Es una bendición encontrarse con personas que a pesar de las dificultades y las persecuciones no pierden el ánimo ni la esperanza y en circunstancias difíciles se abandonan en la providencia de Dios. Fuera de estos casos edificantes regularmente nos encontramos con un pueblo que no reconoce la sabiduría de Dios y tendemos a murmurar, a protestar, a desconfiar de Dios.
Resulta una experiencia realmente desgarradora cuando alguien llega a murmurar de tal manera que piensa que su vida era mejor antes de conocer a Dios, que su vida era mejor antes de estar en la Iglesia. Hay personas que relacionan a Dios con el bienestar material, con la prosperidad económica, con una vida inmune de sufrimientos y por eso cuando no reciben lo que exigen comienzan a murmurar de Dios.
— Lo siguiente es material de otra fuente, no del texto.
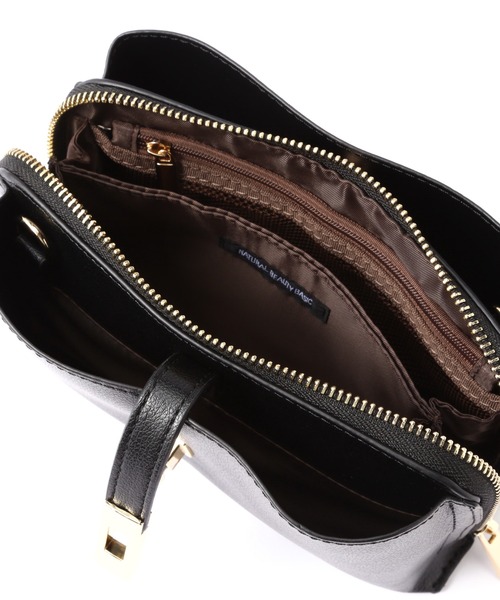 NATURAL BEAUTY BASIC(ナチュラルビューティーベーシック)の「ライトウォレットショルダー(ショルダーバッグ・レディース・ブラック/ベージュ/マジェンタ/ダークブルー・フリ-)」の13枚目の写真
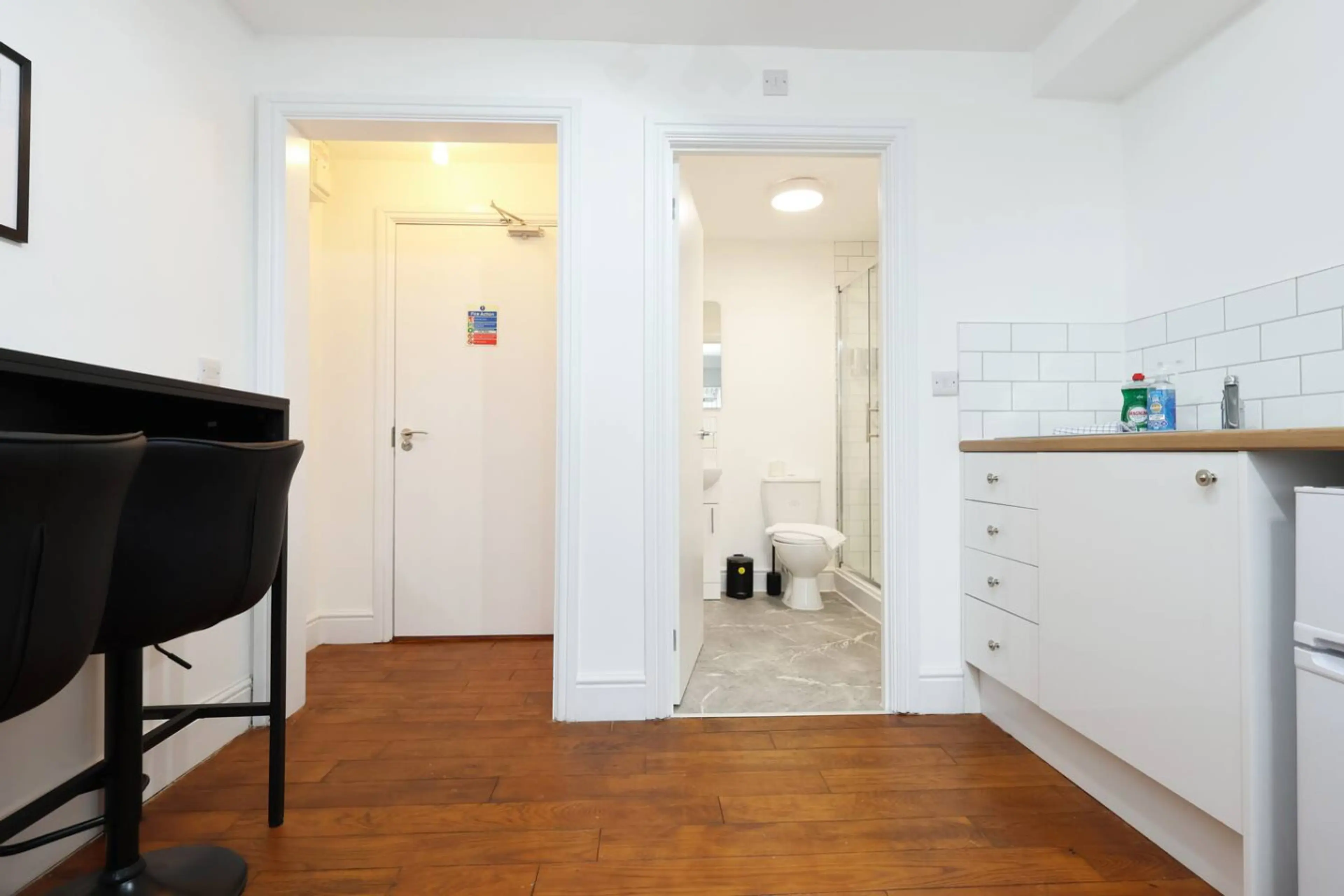 The New Lodge - Room 9 - Image 24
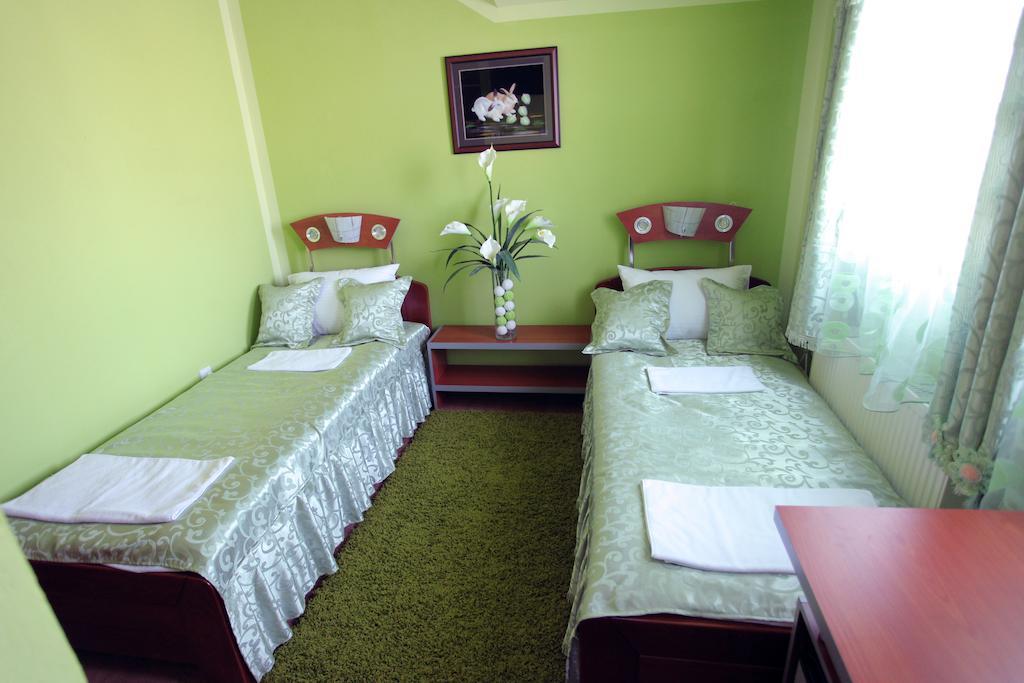 Villa Atina Stara Pazova Room photo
Murmurar de Dios es olvidarse de todos sus favores, de la historia de salvación que lleva conmigo, de cómo se ha metido en nuestra vida y nos ha permitido experimentarlo glorioso y bondadoso en distintos momentos. No se trata, por eso, simplemente de compartir experiencias en el plano de la fe sino de llegar a dar testimonio.
No basta compartir experiencias de lo que Dios ha hecho con nosotros, sino de llegar a dar testimonio, porque el que da testimonio recuerda hechos salvíficos del pasado como si apenas hubieran sucedido ayer. El que da testimonio conserva la emoción, el gozo y la gratitud por todo lo que el Señor ha hecho en nuestra vida.
Precisamente por eso el que da testimonio vive con la confianza y la seguridad que ese Dios que se mostró en el pasado volverá a aparecer en las situaciones presentes. Vive con la esperanza de que Dios se vuelva a manifestar, por eso no murmura, ni se pone en plan exigente con Dios sino que se abandona a sus designios y a sus planes de salvación.